Introduction
Polycystic ovary syndrome (PCOS) is a common endocrine disorder of women, which occurs in 5% to 13%1, 2 in women of reproductive age. PCOD characterized by a heterogeneous presentation of hyperandrogenism (increased body hair or hirsutism, acne), ovulatory dysfunction (irregular or absent periods, abnormal or absent ovulation and infertility) and increased body weight/body mass index (BMI) at the reproductive age is often associated with infertility3 and clinical and metabolic disorders.4 The ovaries of women with PCOS contains multiple micro-cysts often arranged like a “string of pearls” immediately below the ovarian surface (capsule), interspersed by an overgrowth of ovarian connective tissue (stroma). PCOS has its unique properties such as increased antral follicle count, serum AMH (Anti-Mullerian hormone) and LH/FSH ratio.
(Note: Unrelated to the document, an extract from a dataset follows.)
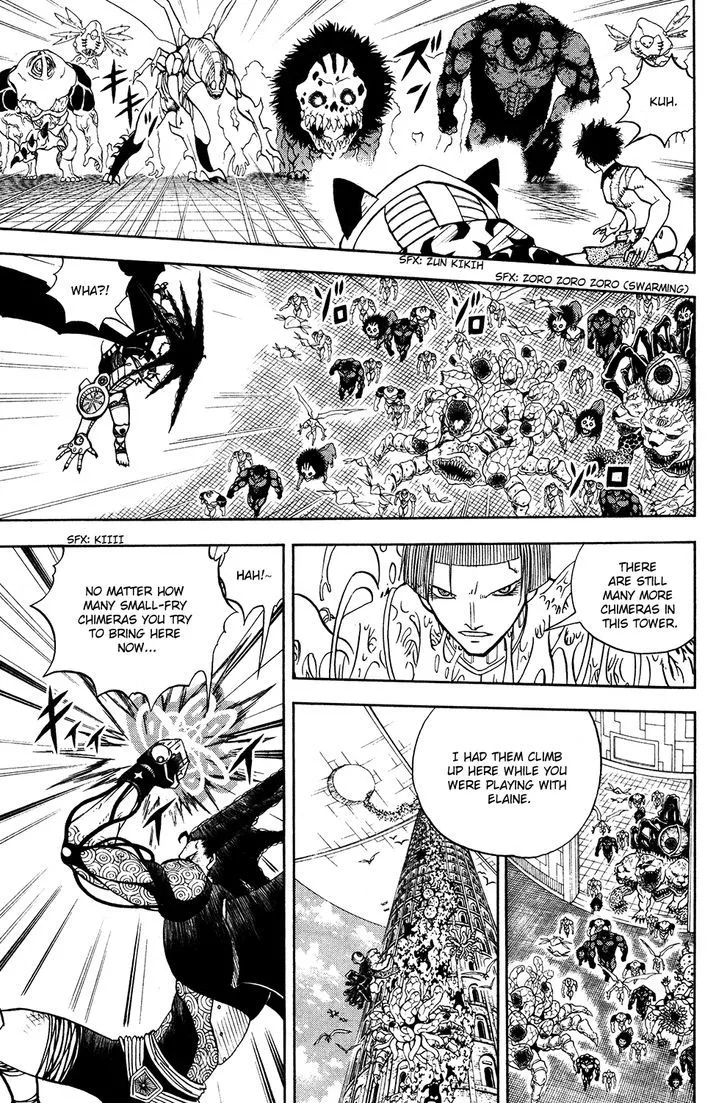 Read Doubutsu no Kuni chapter 50 image 29 on Lezhin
The low FSH concentration combined with high LH probably shows a well-preserved ovarian reserve and is associated with high pregnancy rates in IVF/ICSI cycles.5 Antral follicle count evaluates by ultrasonography and the AMH level considered a diagnostic or even prognostic marker of PCOS.6 AMH is a dimeric glycoprotein of the transforming growth factor-β (TGF-β) family produced in the ovary by granulosa cells of pre-antral and small antral follicles of less than 4 mm diameter. AMH is considered a useful marker of ovarian reserve, and even clinical outcome of IVF.7, 8 PCOS Patients greater oocyte production and are more likely to experience ovarian hyperstimulation syndrome (OHSS) and miscarriages. However, the rates of pregnancy are equivalent to those in patients with other causes of infertility.9, 10, 11 The prediction of clinical pregnancy in PCOS is more challenging than non-PCOS women.12 Many other studies have demonstrated that oocyte quality and embryo development may be affected by PCOS. However, it is still obscure whether these deleterious effects can induce developmental arrest of early embryos during IVF. Therefore, the present retrospective study has been designed to evaluate the ART outcomes in PCOS IVF Patients.
Materials and Methods
The present retrospective study were conducted on PCOD and non-PCOD IVF patients from January 2017 to December 2019. Before starting IVF treatment written informed consent were obtained. A total of 142 women were involved in 147 fresh IVF cycles, where 58 patients of PCOD and 84 Patients of non-PCOD (other infertility factor). Inclusion criteria: women with age of >22 and <46 years, exclusion criteria: patients with oocyte recipient in IVF cycle.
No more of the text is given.